In time, quantitative studies developed, based more on the scientific method of empirical testing. These are generally comprised of standardized clinical trials involving a control group and a very specific set of criteria for participation. Quantitative studies are widely accepted as providing the strongest link between cause and effect, and they appear to be good predictors of outcome of a given treatment if the study's results are shown to be statistically significant and if the results are performed exactly as in the study.
However, both types of research are valid and should be combined in order to find the most effective treatment method for each client. In order for research results to be valid, they must be able to be reproduced. The establishment of any cause and effect relationship as it pertains to results must also rule out other factors. There is also the issue of bias in a research study, which is important to consider: selection bias, attrition bias or measurement bias can all skew the results.

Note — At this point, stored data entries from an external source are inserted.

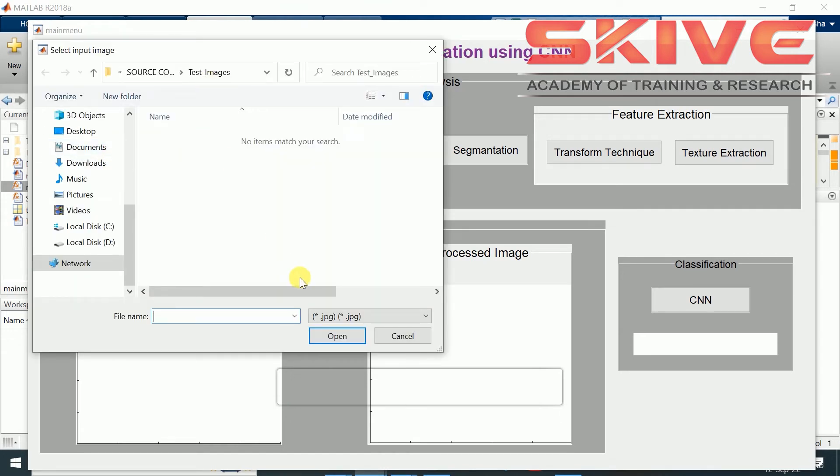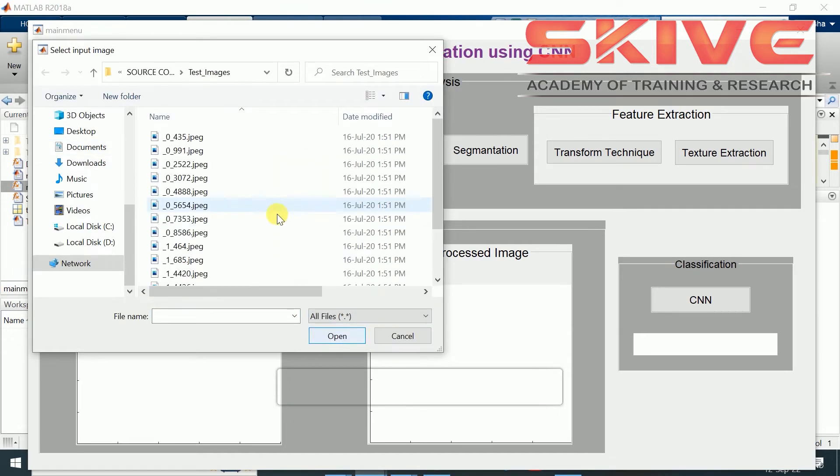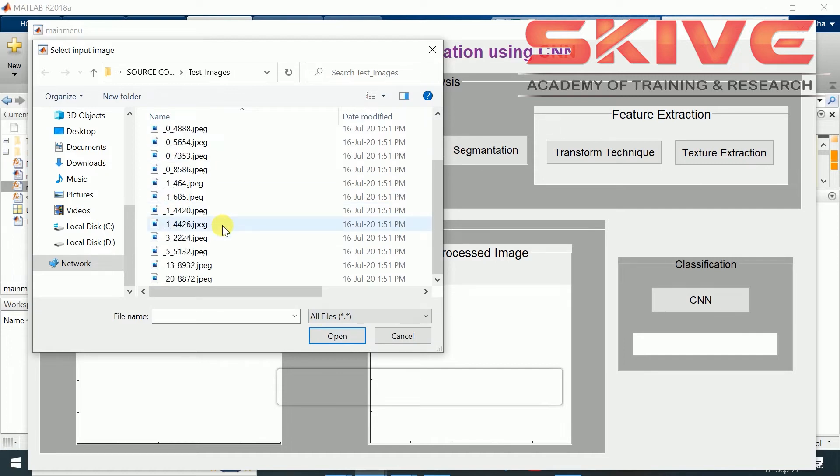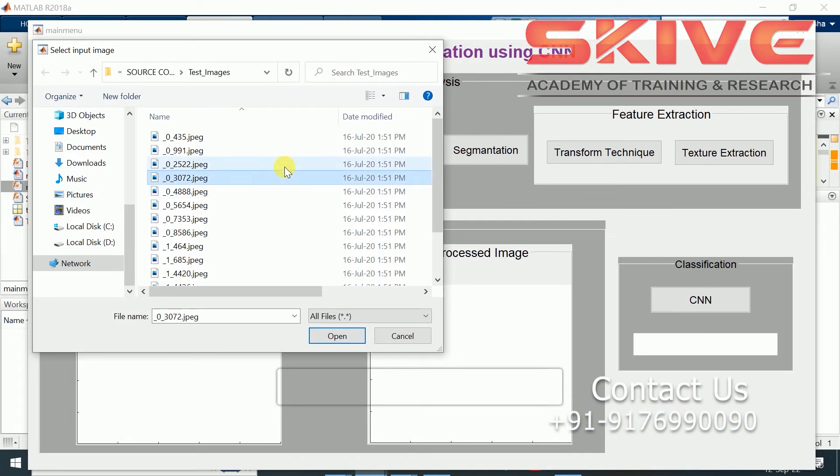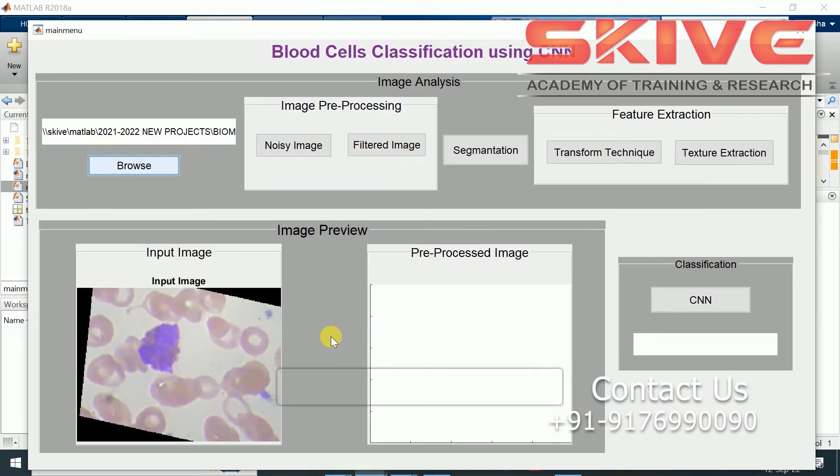First we are selecting the image. Some images will be there. The input image is shown here.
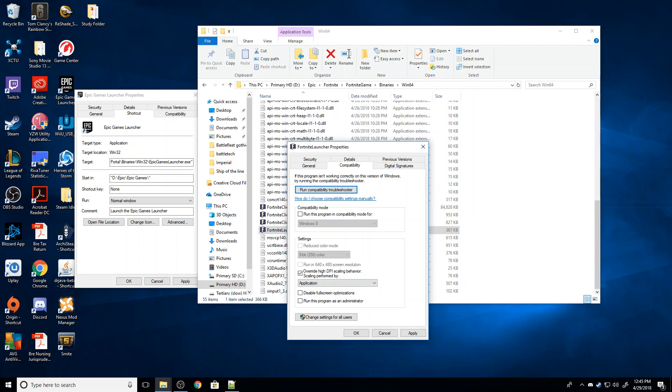For those of you who are not running Windows 10, A, why not? And B, this override high DPI scaling behavior is going to be called something slightly different. I forget what it is off the top of my head. Look down in the comments below. I'll have a pinned comment telling you what you need to check instead.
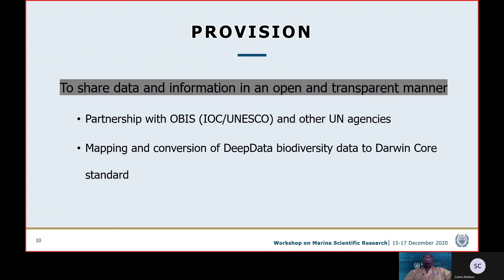Provisioning is the sharing of data between organizations. The strategic directions spoke to sharing data and information in an open and transparent manner. An example of this is our collaboration with agencies such as IOC, UNESCO, and other UN agencies. Another example is the mapping and conversion of Deep Data's biodiversity data to the Darwin Core standard, which will enable that data to be easily transferred or incorporated into other databases.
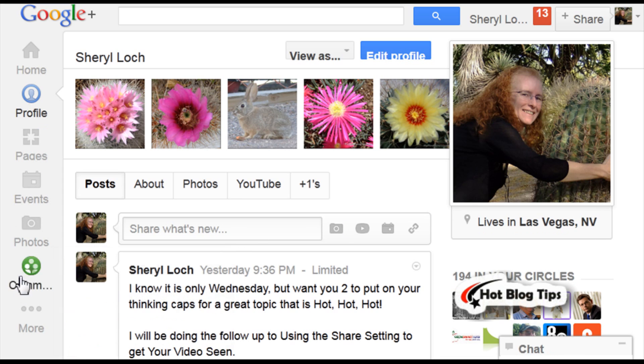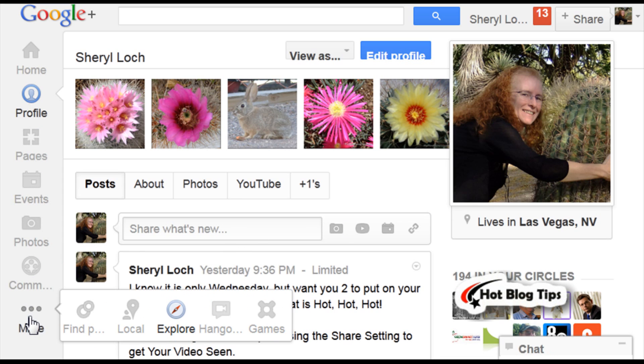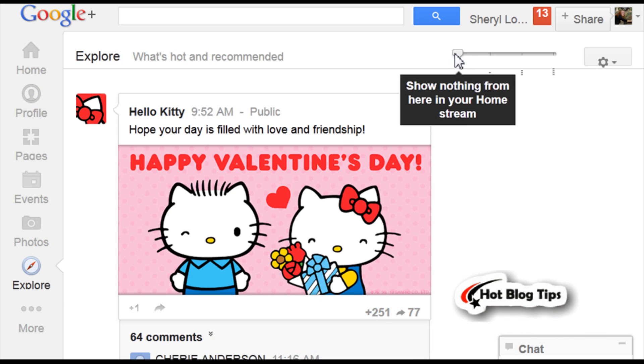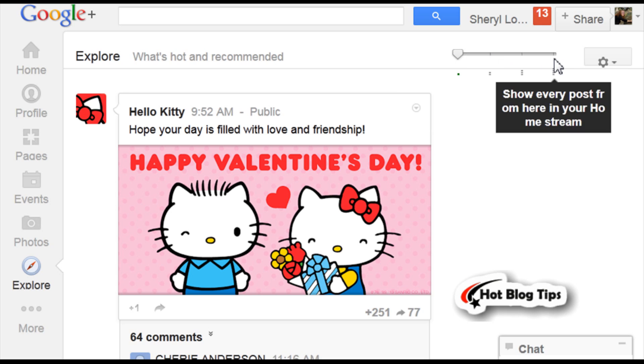If you'll go to the left hand side, find Explore. Once that opens you're going to see a tab up here.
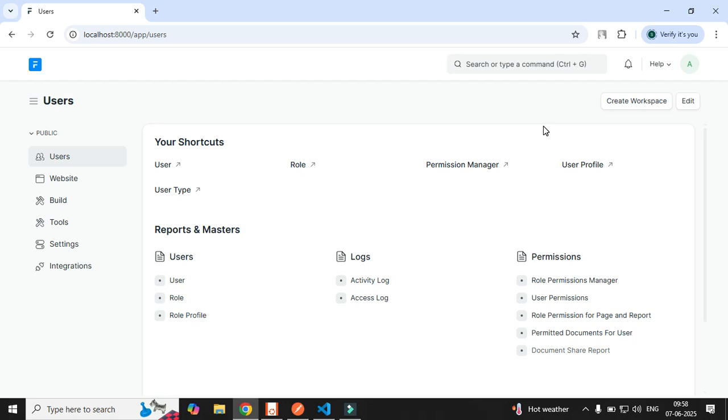Hello friends, in this particular video I will be showing you how to make use of REST API endpoints for the Frappe framework.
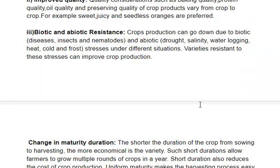Biotic and abiotic resistance are two types of factors. Biotic means living organisms, and abiotic means non-living factors. Crop production goes down if the crop is affected by biotic stresses like pests and diseases, or abiotic stresses like salinity, water logging, heat, cold, and frost. We try to develop varieties that can bear these stresses.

Evidence-based practice involves integrating current research findings with the expertise of the practitioner and the individual needs of the client in order to provide the best possible care. Research can be helpful in treating clients with specific conditions if the practitioner has not previously handled the condition. Research is important to the massage profession, not only in helping to provide good care to the client but also in establishing support for the profession as a whole. As massage therapists, research helps us become "fluent in the scientific language of the larger medical community" and provides credibility to the profession. (2) Research studies can establish institutional support for massage, as there is evidence that research studies suggesting efficacy of a certain treatment can lead to insurance coverage for the treatment. Citing research studies to clients can also encourage them to consider spending money on massage as part of their wellness program. Finally, on a broader scale, it can give massage therapists the confidence to treat previously contra-indicated conditions, such as cancer. Oncology massage has grown as a practice, in part, due to research studies on the positive effects of massage on cancer patients. On the opposite end of the spectrum from oncology massage, there is massage for non-life-threatening conditions.
The question has been posed as to whether or not massage can be effective in ridding the body of cellulite (gynoid lipodystrophy). Cellulite is a topographic alteration in adipose tissues, particularly in hips, thighs, buttocks and abdomen. It is studied because it is generally considered undesirable, although it does not pose any health risks. In the study "Intensive Treatment of Cellulite Based on Physiopathological Principles", researchers hypothesized that lymphatic stasis results in an accumulation of all the substances drained by the lymphatic system, since the accumulation of such in the interstitial space in adipose tissue is present in the initial stages of cellulite. They proposed that manual and mechanical lymph drainage could decrease the amount of cellulite on the treated areas. The study sample consisted of 10 patients ranging in age from 25 to 59 years, diagnosed with grade IV cellulite identified by clinical evaluation. The patients received a 4-hour treatment of manual and mechanical lymph drainage combined with 15 minute intervals of cervical stimulation in the form of 10 sessions over a 2-week period. The technique of cervical stimulation involved an apparatus which performed 25-30 flexion and extension movements of the sole of the foot per minute. The patients were measured and photographed before and after the research was conducted and the results were analyzed by two examiners. Significant reductions were measured for all patients participating in the study, according to researchers, with the mean reduction of 5.6 cm being statistically significant.
The research findings appear to support the statement, however the study only involved 10 participants. It would be important to reproduce the study's results perhaps with a wider survey. In addition, the treatment of 4 hours per day for 10 sessions over 2 weeks is aggressive treatment by most standards. A therapist may need to know if the results could be reproduced with fewer treatments in order to make the statement viable for a potential client.